StatsPAI: Agent-Native Causal Inference & Econometrics

StatsPAI is the agent-native Python package for causal inference and applied econometrics. One import statspai as sp, 900+ functions, covering the complete empirical research workflow.

Source: https://github.com/brycewang-stanford/StatsPAI
PyPI: pip install statspai
Paper: Submitted to Journal of Open Source Software (JOSS) — under review

Why StatsPAI for Agents?

StatsPAI is the first econometrics toolkit purpose-built for LLM-driven empirical research:

  1. Self-describing API: sp.list_functions(), sp.describe_function("did"), sp.function_schema("rdrobust") — agents discover and understand functions without doc lookup.
  2. Unified result objects: Every estimator returns a CausalResult with .summary(), .plot(), .to_latex(), .to_word(), .to_excel(), .cite(), and a structured .diagnostics dict for agent logic.
  3. One import covers the full pipeline: descriptive stats → research-question DSL → DAG discovery → estimation → diagnostics → robustness, all behind sp.<func>.
  4. Estimand-first decisions: sp.causal_question and sp.causal make the "DID vs RD vs IV?" choice explicit and defensible — not a guess.

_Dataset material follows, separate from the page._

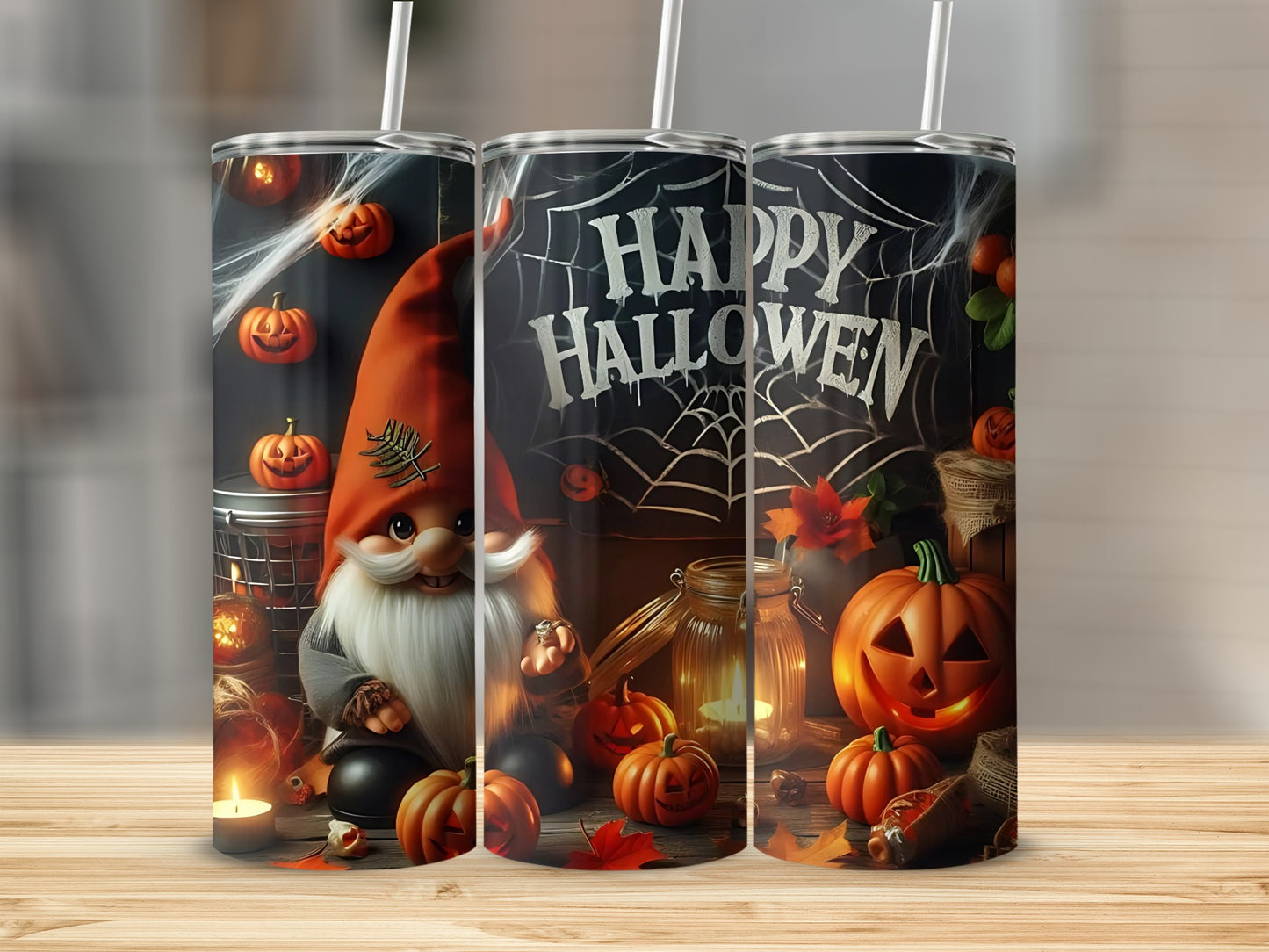 Halloween gnome, pumpkins, and "Happy Halloween" text on three tumblers.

End-to-End Empirical Pipeline (v1.6 P1) — the one-stop flow

The canonical agent loop, after the dataset is loaded:

Step 0  Data cleaning           pandas (NOT StatsPAI — see Scope below)
Step 1  EDA & descriptives      sp.sumstats / sp.balance_table / sp.describe
Step 2  Pre-flight checks       sp.balance_panel / sp.diagnose / overlap & missing
Step 3  Research question       sp.causal_question(...).identify()
Step 4  Model exploration       sp.llm_dag_propose → sp.llm_dag_validate → sp.llm_dag_constrained
Step 5  Estimation              sp.causal(...)  OR  sp.<specific_estimator>(...)
Step 6  Diagnostics & robust    sp.diagnose / sp.spec_curve / sp.honest_did / sp.evalue

sp.paper() exists for end-to-end draft generation but is out of scope for this skill — stop at Step 6 and hand the CausalResult back to the user.

Note on code blocks below. All Step 0–6 examples share one labor-economics running narrative (training → wage, with worker_id / firm_id / year / age / edu / tenure) purely for readability. Every column name, population string, estimand, and design value is illustrative — agents must substitute the actual columns and design from the user's DataFrame and research question. Only the sp.* function names and argument shapes are normative.

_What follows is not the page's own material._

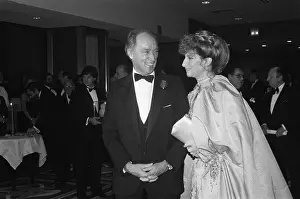 Prints of (Original Caption) A Legendary Career: Pierre Trudeau and Barbara Streisand Posing as Dinner Guests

Scope boundary — what StatsPAI does NOT do

StatsPAI assumes you arrive with an analysis-ready DataFrame. Do these in pandas (or your preferred ETL) before calling any sp.* function:

import pandas as pd

df = pd.read_csv("raw.csv")
df = df.dropna(subset=["y", "treatment"])              # missing on key vars
df["year"] = pd.to_numeric(df["year"], errors="coerce") # type coercion
df = df.merge(covariates, on="firm_id", how="left")    # joins
df["log_wage"] = np.log(df["wage"].clip(lower=1))      # transforms

If the agent skips Step 0 and feeds dirty data into sp.*, estimators will either error or silently drop rows — both are bugs you own, not StatsPAI's.

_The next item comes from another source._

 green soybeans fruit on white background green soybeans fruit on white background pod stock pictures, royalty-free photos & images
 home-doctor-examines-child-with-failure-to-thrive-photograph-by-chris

Step 1 — Descriptive statistics & EDA

sp.sumstats(df, vars=["wage", "edu", "exp"], by="treated", output="table1.docx")
sp.describe(df)                                          # variable labels & types
sp.balance_table(df, treat="treated",
                 covariates=["age", "edu", "income"], test="ttest")  # Table 1

Step 2 — Pre-flight checks (catch design failures before estimation)

# Panel structure — balance_panel DROPS unbalanced units (returns the balanced panel)
balanced = sp.balance_panel(df, entity="firm_id", time="year")
if len(balanced) < len(df):
    print(f"Dropped {len(df) - len(balanced)} rows from unbalanced units — "
          "decide drop vs keep before DID.")

# Treatment timing (staggered adoption?)
df.groupby("first_treat_year").size()                    # cohort sizes

# Covariate & outcome sanity (generic EDA, returns a dict report)
report = sp.diagnose(df, y="wage", x=["age", "edu", "tenure"])
# Full identification-level diagnostics (PT, weak IV, overlap, leverage) run
# automatically inside sp.causal(...) in Step 5 — don't duplicate here.

Step 3 — Estimand-first research question (the "DID vs RD vs IV?" decision)

sp.causal_question is the estimand-first DSL: declare population, treatment, outcome, estimand, design — then .identify() picks the estimator and writes down the assumptions you're committing to. This is the decision layer; sp.spec_curve is the results-layer multiverse and is not a substitute.

q = sp.causal_question(
    treatment="training",
    outcome="wage",
    data=df,
    population="manufacturing workers, 2010–2020",
    estimand="ATT",
    design="auto",                # or "did" / "rdd" / "iv" / "rct" / "obs"
    time_structure="panel",
    time="year", id="worker_id",
    covariates=["age", "edu", "tenure"],
)

plan = q.identify()               # IdentificationPlan: estimator + assumptions + fallbacks
print(plan)                       # human-readable Methods paragraph
result = q.estimate()             # runs the picked estimator
print(result.summary())

Step 4 — Model exploration via LLM-assisted DAG (closed loop)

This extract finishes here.